This dollar value is nearly universal. Consider factory hardware and software. If a factory line shuts down due to equipment failure, it costs a certain amount per hour. Factories have good accountants that can accurately calculate these figures, which makes it a good example. Suppose a line failure costs $10,000 per hour. To make a line less prone to error, more expensive machines can be used. If that cost difference is $50,000 then it’s a good idea to improve the line. It would probably save more than five hours of downtime, so it will pay for itself. However if it costs $50,000,000 to improve a line, it would have to save 5,000 hours of down time to pay for itself. This is not cost effective. Cost compared to savings always impacts the level of redundancy.

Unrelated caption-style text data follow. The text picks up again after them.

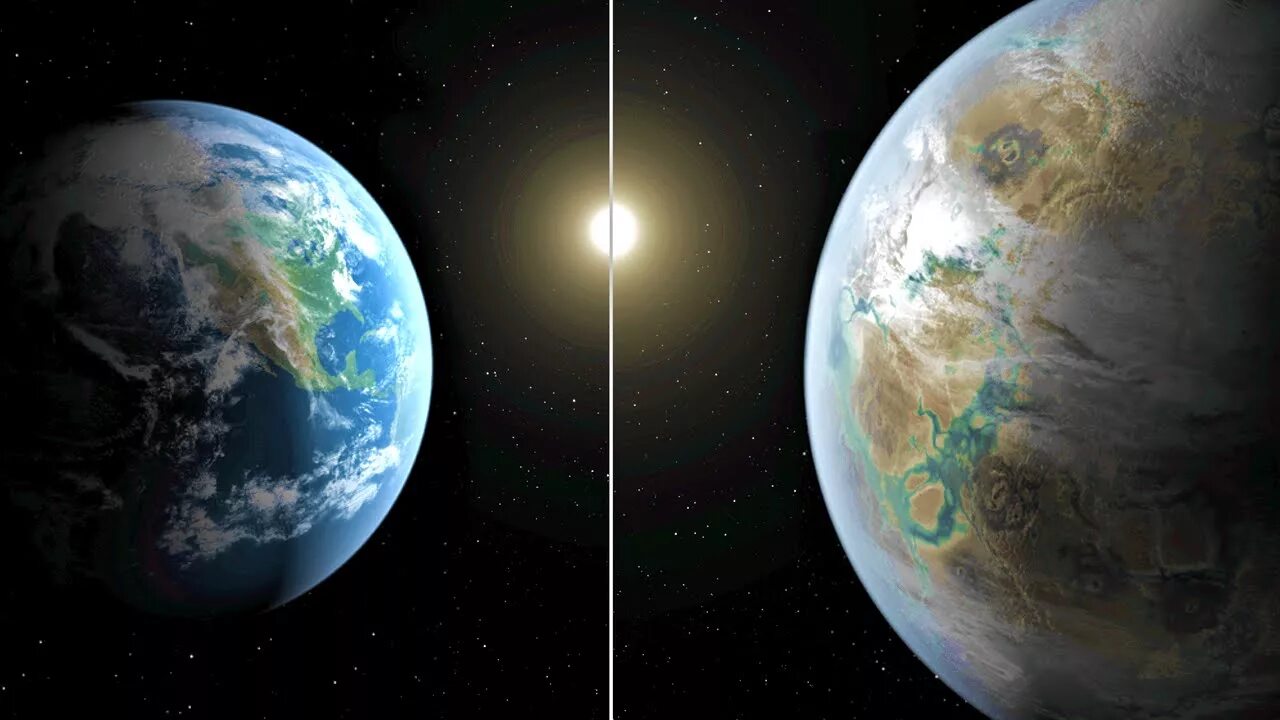 Земли под новым названием. Планета Kepler 452b. Кеплер 452 b. Планета Кеплер 452.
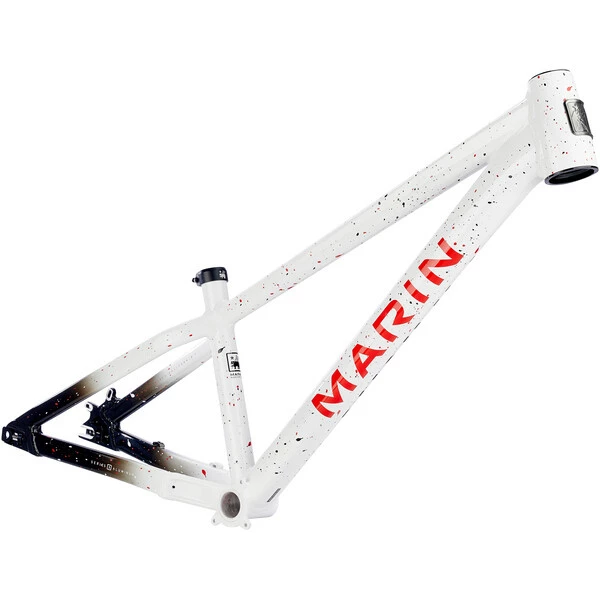 Telaio MTB Dirt MARIN BIKES ALCATRAZ 26" Bianco/Nero 2023 2 Telaio MTB Dirt MARIN BIKES ALCATRAZ 26" Bianco/Nero 2023 - immagine 2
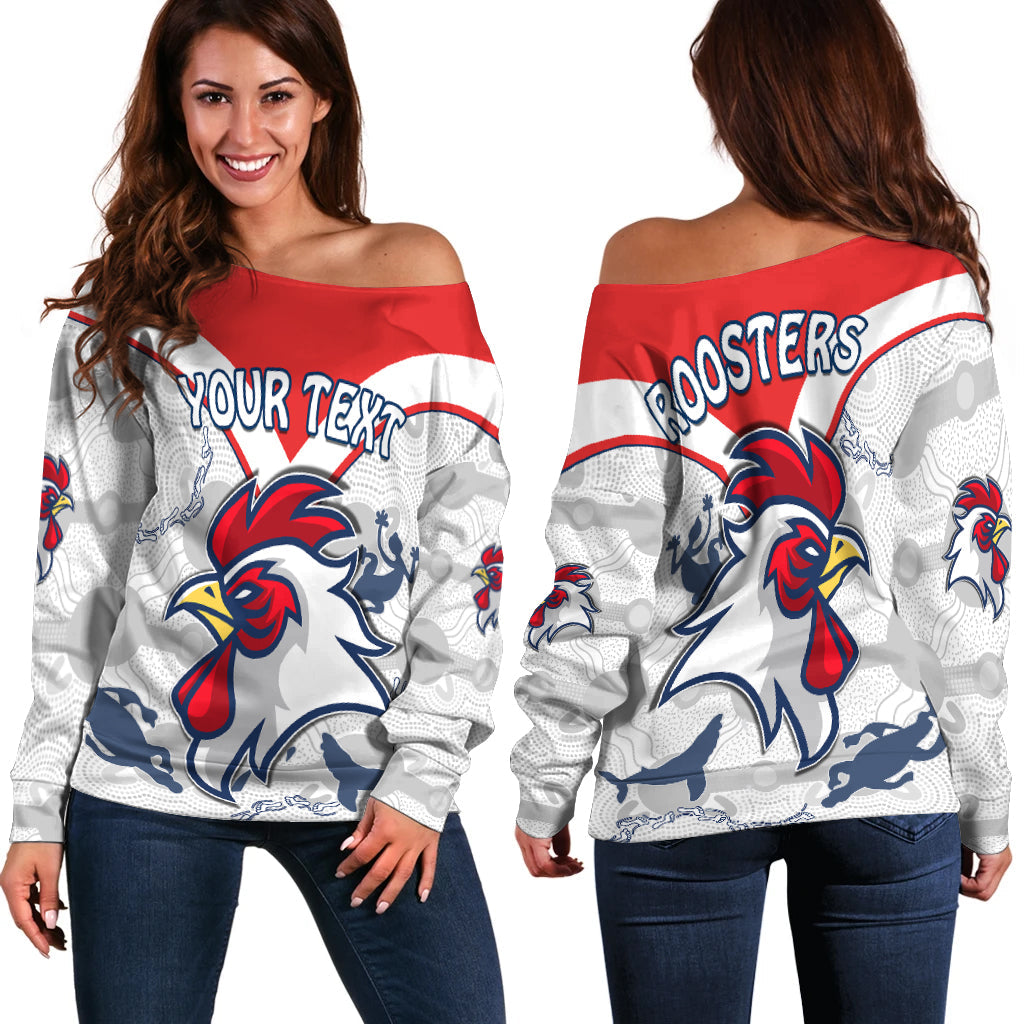 custom-personalised-roosters-off-shoulder-sweater-sydney-indigenous-version-white-lt13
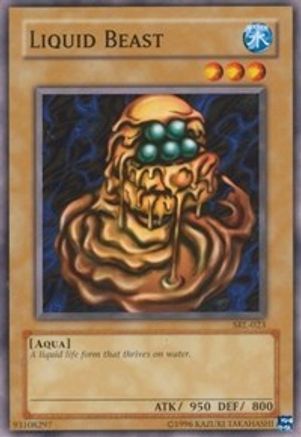 Liquid Beast (SRL-023) - Spell Ruler Unlimited Spell Ruler Yugioh Single  Squirtle Squad Card Shop.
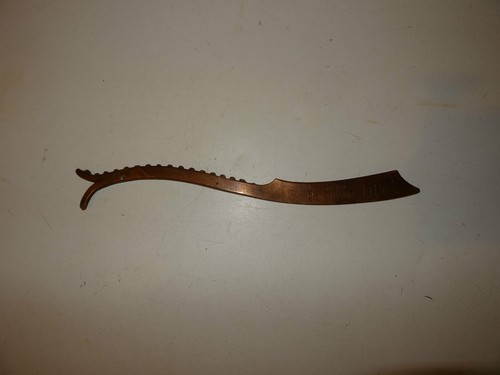 Objet tranchee coupe - tranchee,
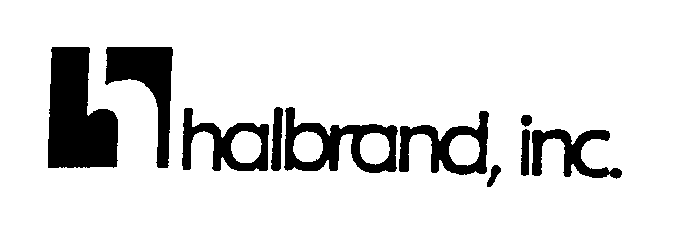 Trademark Logo HALBRAND, INC.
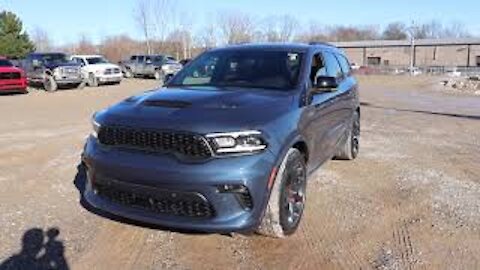 2021 Dodge Durango SRT 392 AWD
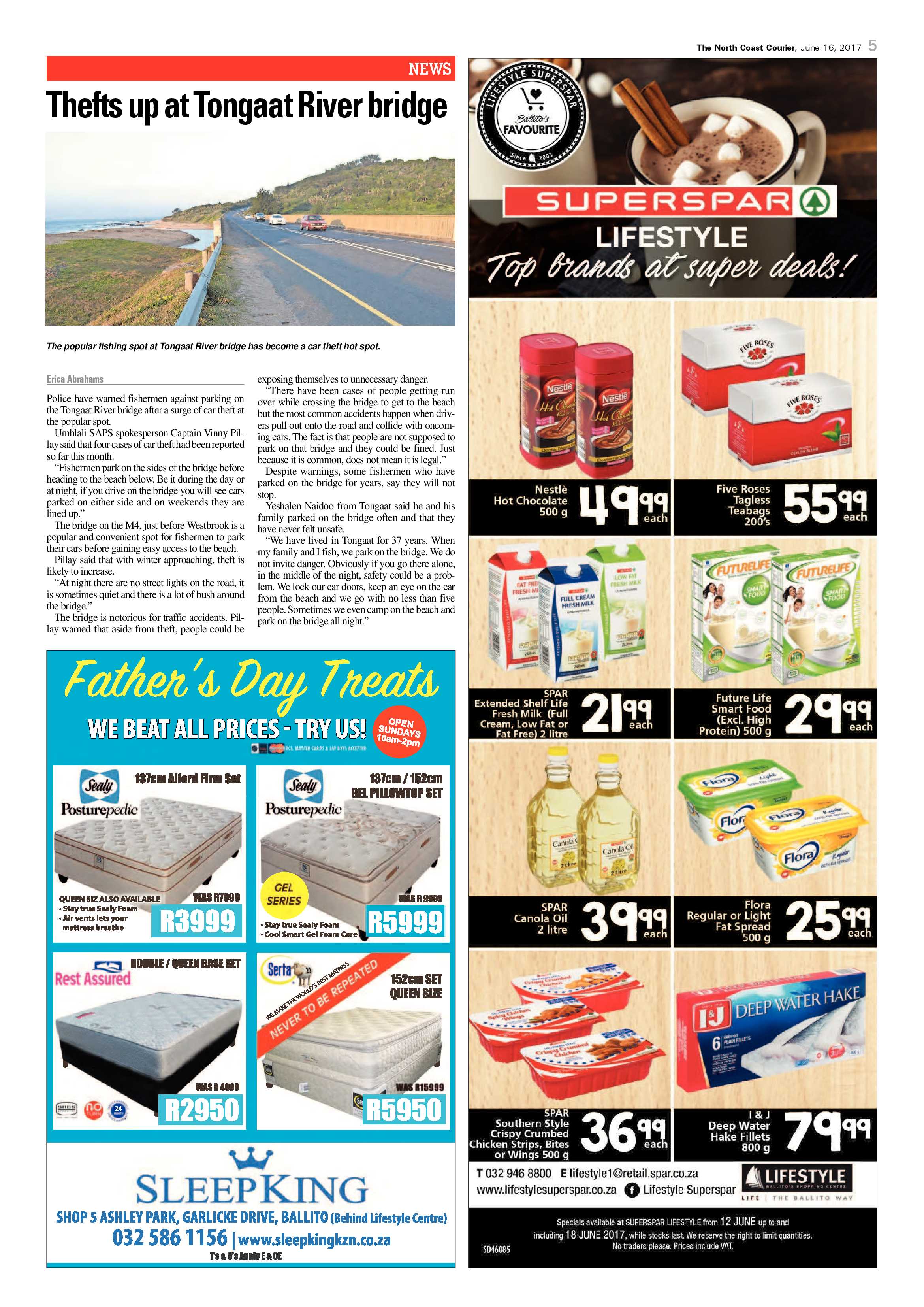 The North Coast Courier – 16 June 2017 page 5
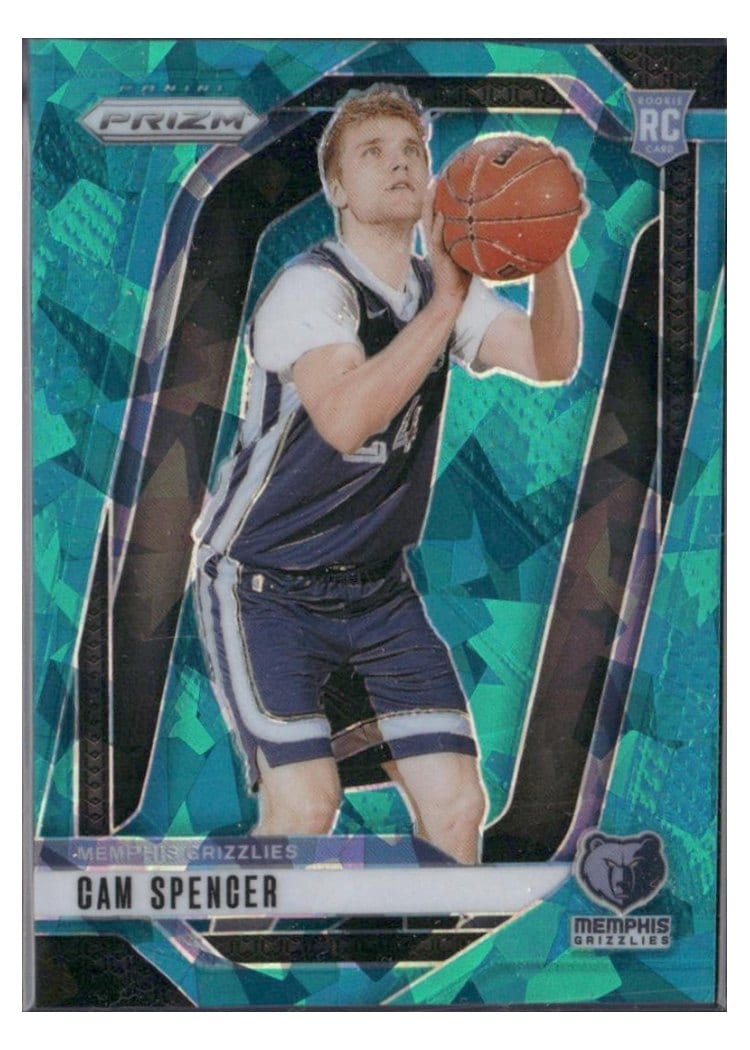2024-25 Panini Prizm Base Set Cam Spencer #246 card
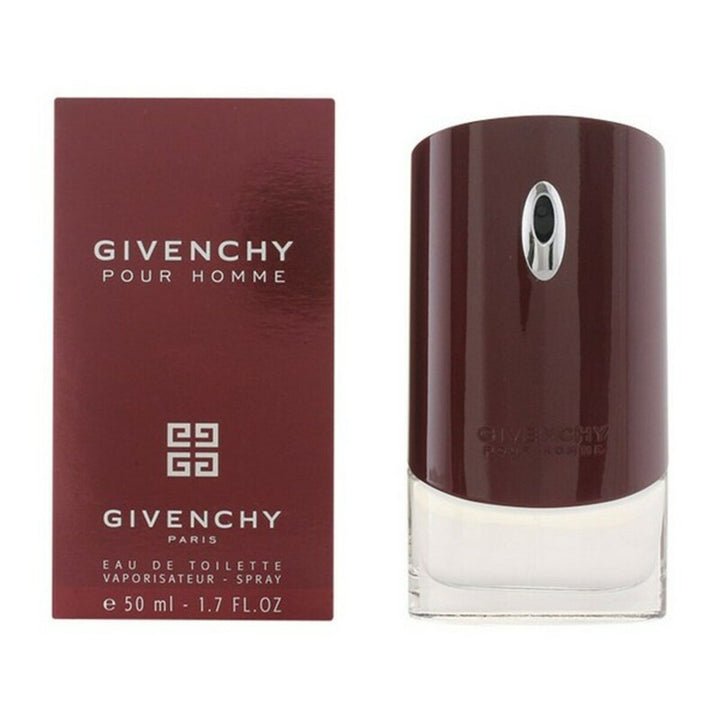GIVENCHY POUR HOMME • GIVENCHY Paris • Eau de toilette pour homme, vaporisateur/spray  Scentia : Parfums et fragrances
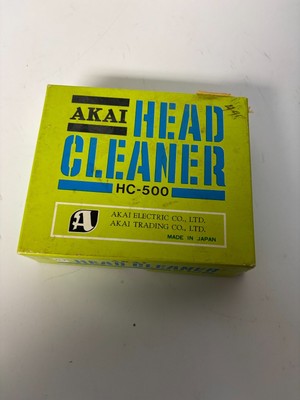Magnetic Recording Tape AKAI Head Cleaner HC-500
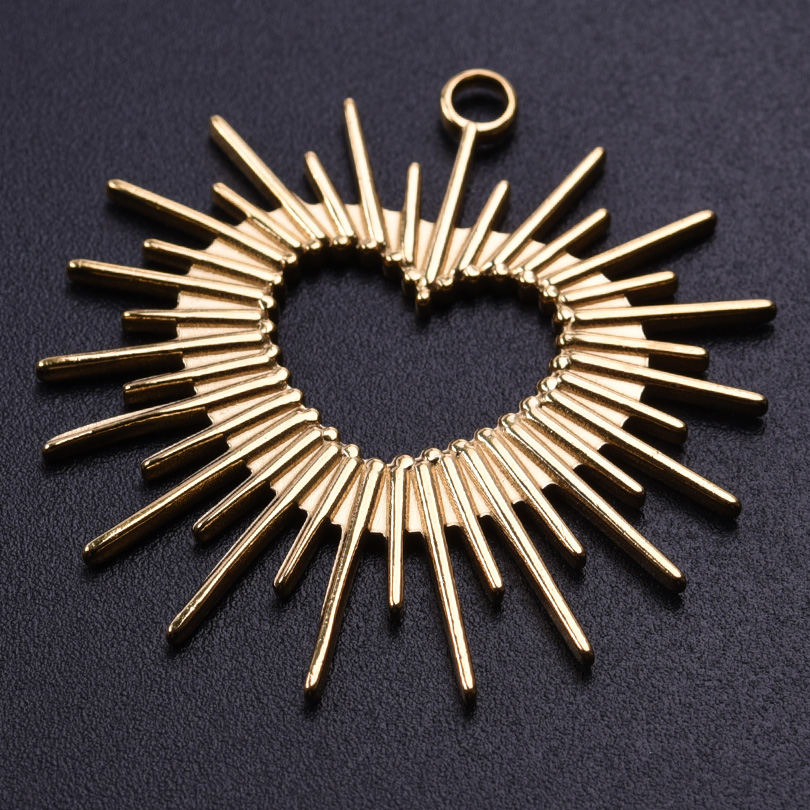 5pcs Golden Stainless Steel Co - Jewelry Making For Couples incelemesi ve fiyatı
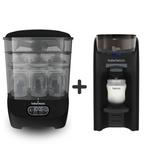 Kit Baby Brezza Sterilizer Dryer Advanced + Formula Pro Advanced Nero - product thumbnail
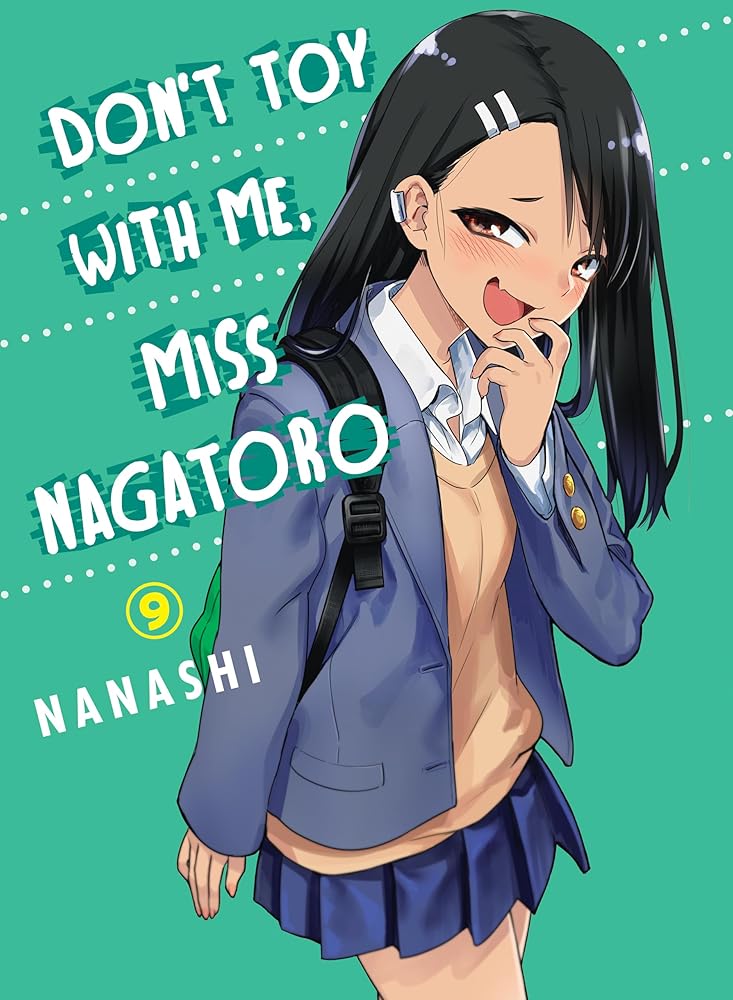 Don't Toy With Me, Miss Nagatoro 9 cover image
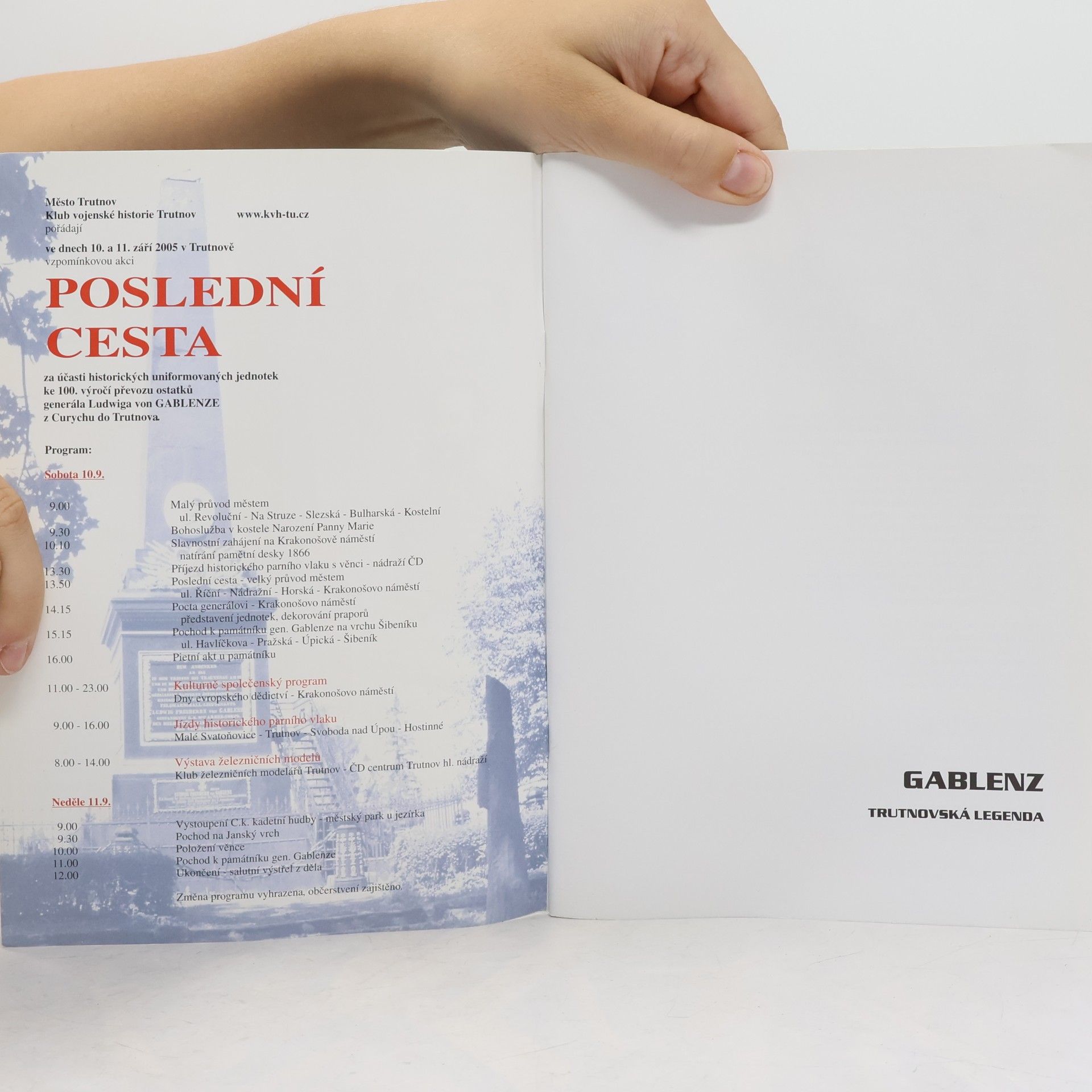 Kolektiv autorů Gablenz Trutnovská legenda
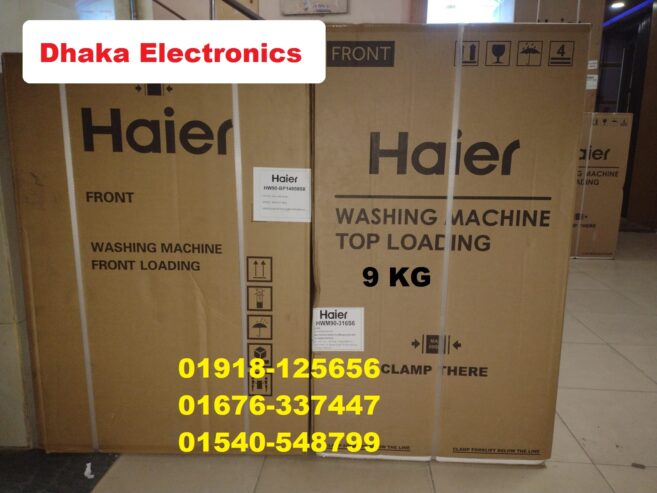 Brand New 9 Kg Haier Washing Machine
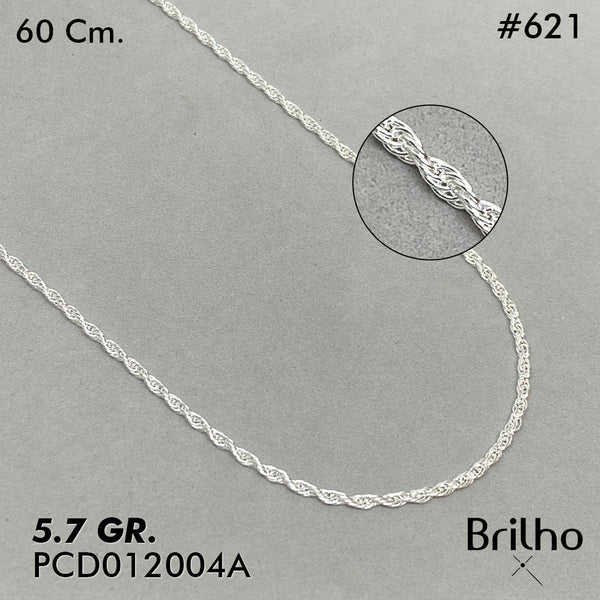 PCD0621 CADENA DELGADA 60CM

When dealing with a software project, first calculate the downtime cost. How much will it cost if the software suddenly stops working? (Wages, lost revenue, repair costs, etc.) Balance this with the cost of software development and hardware redundancy. This will help guide project design.
Intelligently designed software, also called elegant designs, can greatly help with this. For example, suppose you’re writing a vertical business app. These are common because every business has unique requirements which makes for many vertical applications. Junior developers stick to what they know and create something with that. Intermediate developers look at the business requirements and choose software, like databases, that meet their requirements. Senior developers will consider more factors, such as redundancy, backup and restoring, disaster recovery, and more. Beyond senior developers, experts will look at each project from first principals. For example, if it was a small business then they would build a peer-to-peer database that auto-synchronizes. Adding new workstations would be easy. After installing, it connects with other systems and auto-synchronizes. If the network fails then local changes are saved locally and synchronized when the network returns. The software can be installed on a computer offsite, such as in the owner’s home, for disaster recovery. If the entire office is destroyed by a tornado, they just install software on new computers and it automatically synchs the data. Nothing is lost. There is no single point of failure and it intrinsically handles failure and disaster recovery. This is an elegant solution.